Personal details
- Born: 1946 Piraziz, Turkey
- Died: 22 October 1993 (aged 46–47) Lice, Diyarbakır

Military service
- Allegiance: Turkey
- Branch/service: Turkish Army
- Years of service: 1965–1993
- Rank: Brigadier-General

= Bahtiyar Aydın =

Turkish general and regional commander

Bahtiyar Aydın (1946 – 22 October 1993) was a Turkish general. He was a regional commander in the Turkish Gendarmerie in Lice, Turkey in southeastern Turkey when he was assassinated by a sniper using a Kanas rifle. Officially a victim of the Kurdistan Workers' Party (PKK) (which denied responsibility), his death has long been considered suspicious. He was said to have "close relations with the public" and not to approve of the extrajudicial violence which was commonly used by the Turkish military in south-eastern Turkey at the time.

== Response to assassination ==
According to former PKK commander Şemdin Sakık, Aydın was one of those assassinated by the Doğu Çalışma Grubu, an alleged group within the Turkish military said to be linked to the Ergenekon organization.
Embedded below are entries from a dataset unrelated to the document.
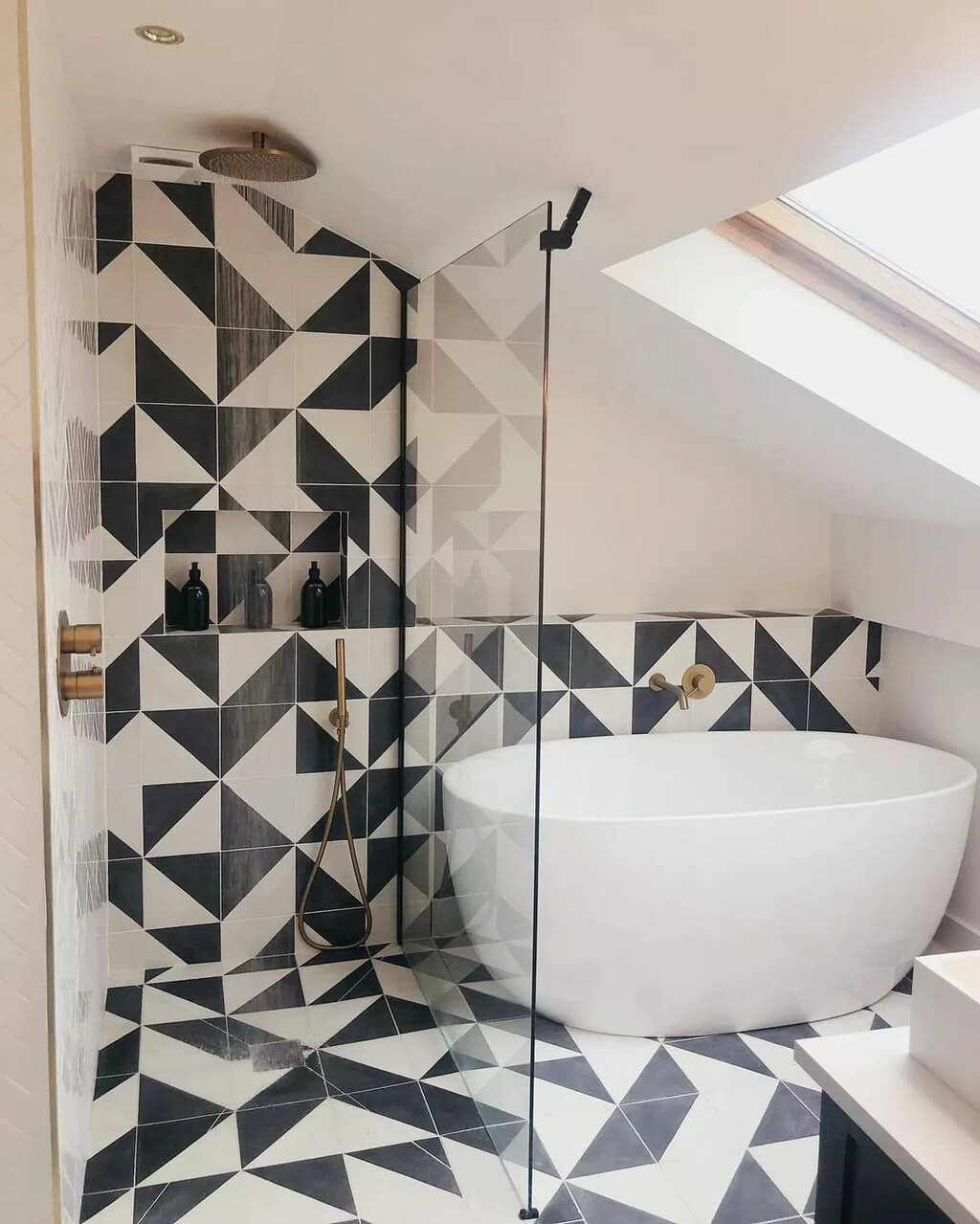 A black and white tiled bathroom with a free standing tub
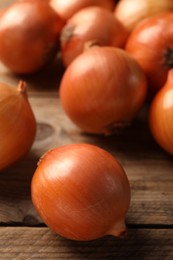 Photo of Many ripe onions on wooden table, closeup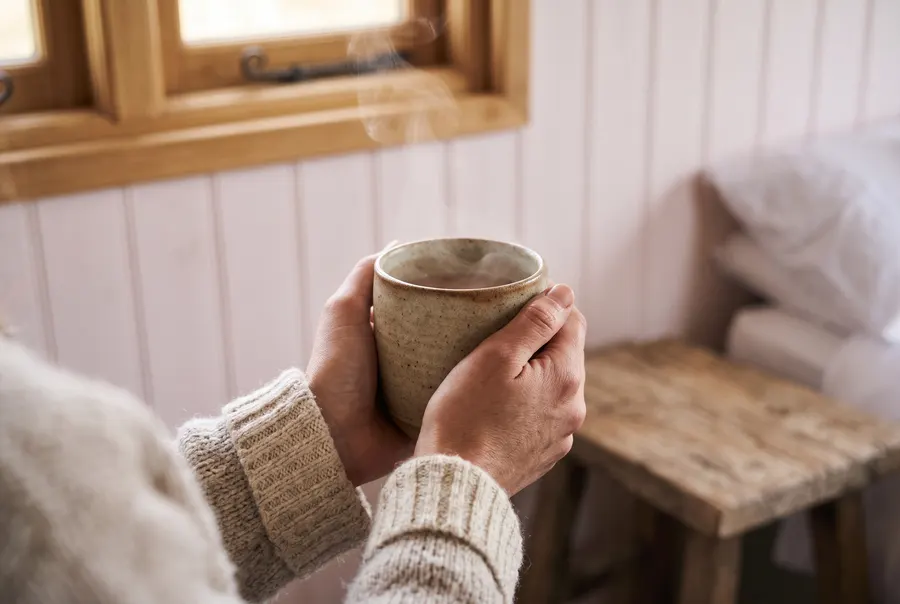 Two hands wrapped around a steaming ceramic mug, in a cosy wood-panelled room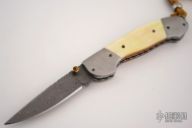 Damascus Gold Lip Pearl Lockback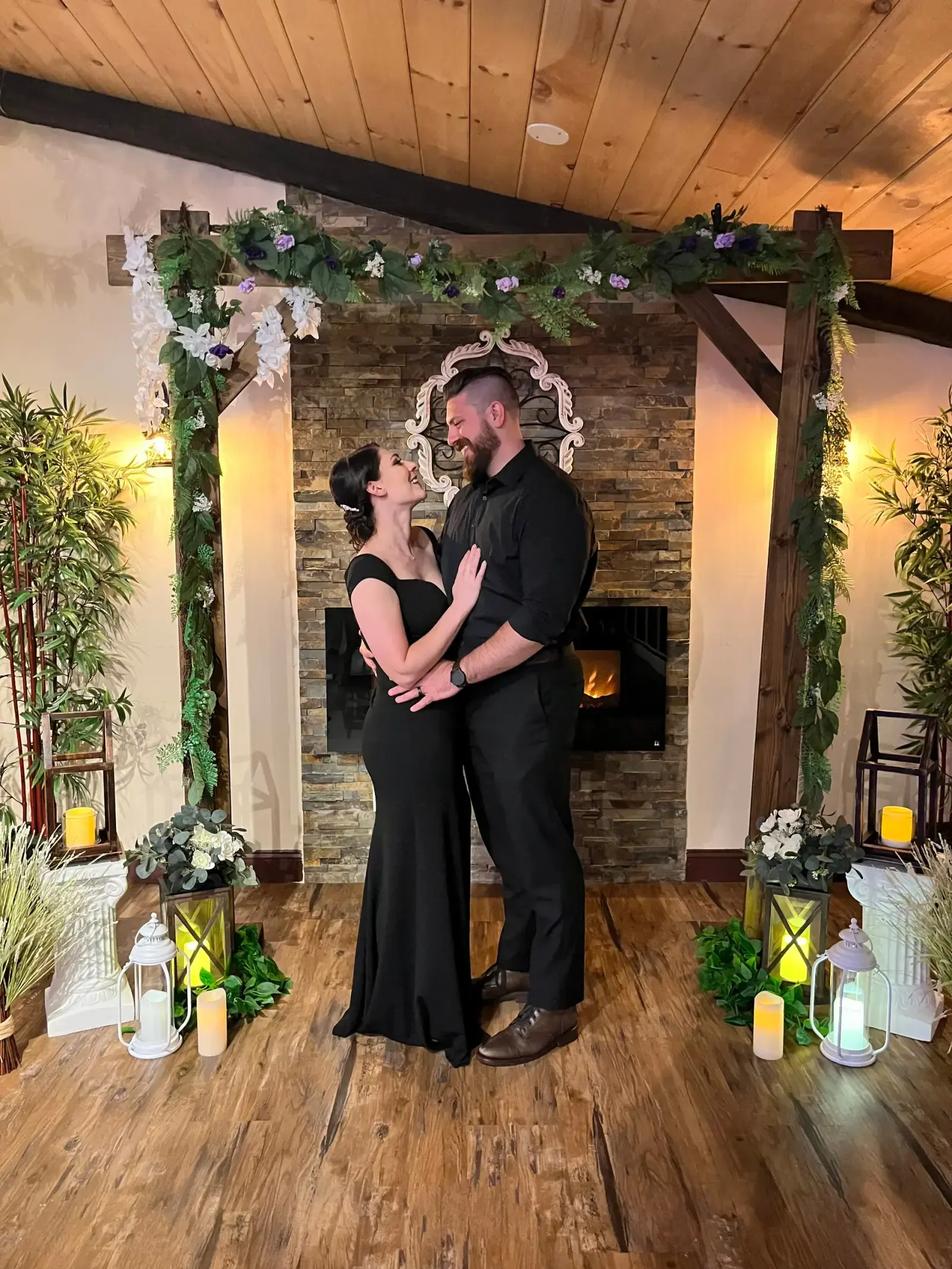 A couple embracing under a greenery-and-floral arch in the Rustic room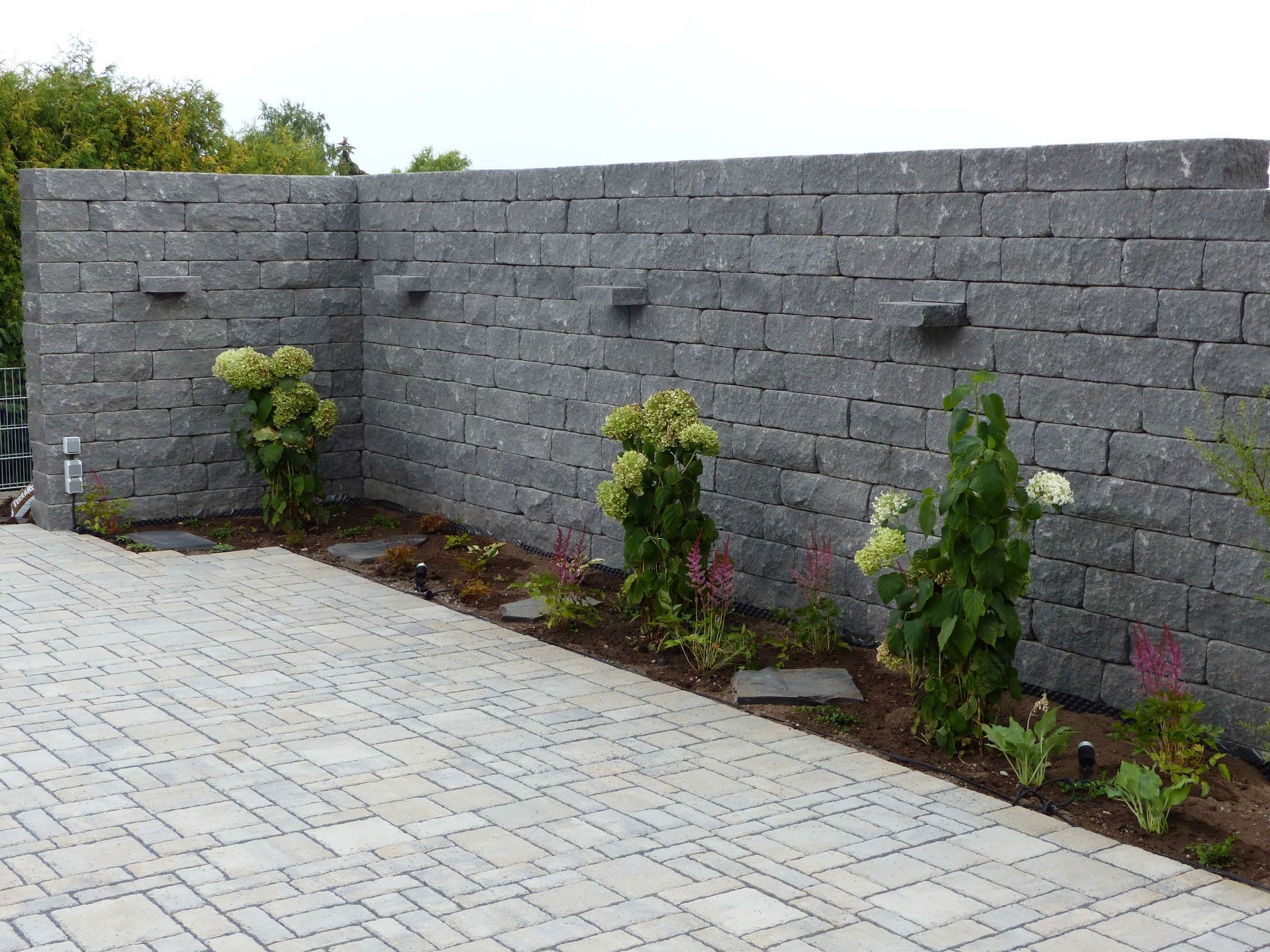 Mauer aus Pflastersteinen vor kleinem Blumenbeet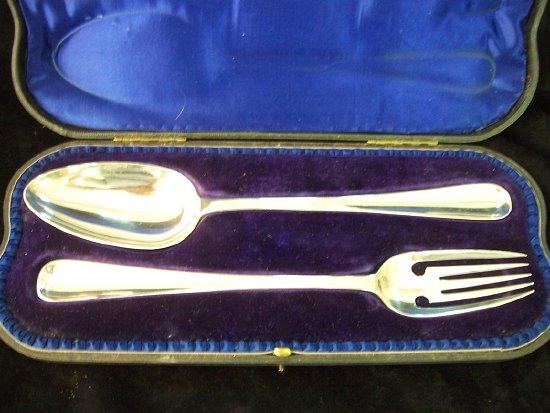 Appraisal: A serving spoon and fork by George Maudsley Jackson and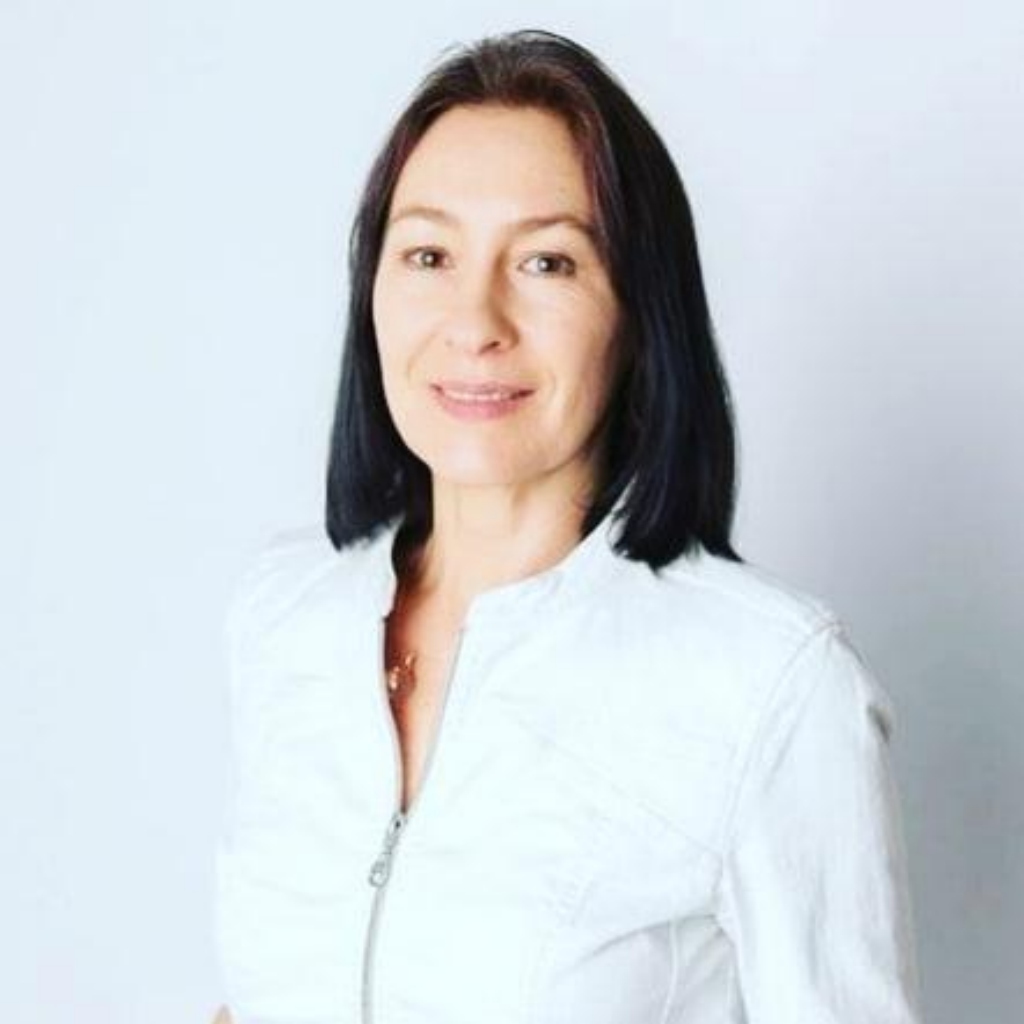 Portrait Lumira, Frau mit schwarzem Haar und weißer Bluse vor hellem Hintergrund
Other witnesses to the Ergenekon trials have also said that Aydın was assassinated by Ergenekon - possibly by PKK informants working with JITEM. Aydın was one of those who believed the "Kurdish question" could not be solved by force, and needed a peaceful solution with economic and social measures. In 2013 Diyarbakir prosecutors asked the local Gendarmerie for the original 1994 document allegedly containing testimony from an unnamed PKK suspect admitting to the assassination of Aydın. The Gendarmerie said that no such document or testimony could be found in its records, although a copy of part of the alleged testimony had been sent to a parliamentary commission in 1994. In October 2013 a prosecutor indicted two retired military officers, saying that there was no evidence of PKK involvement.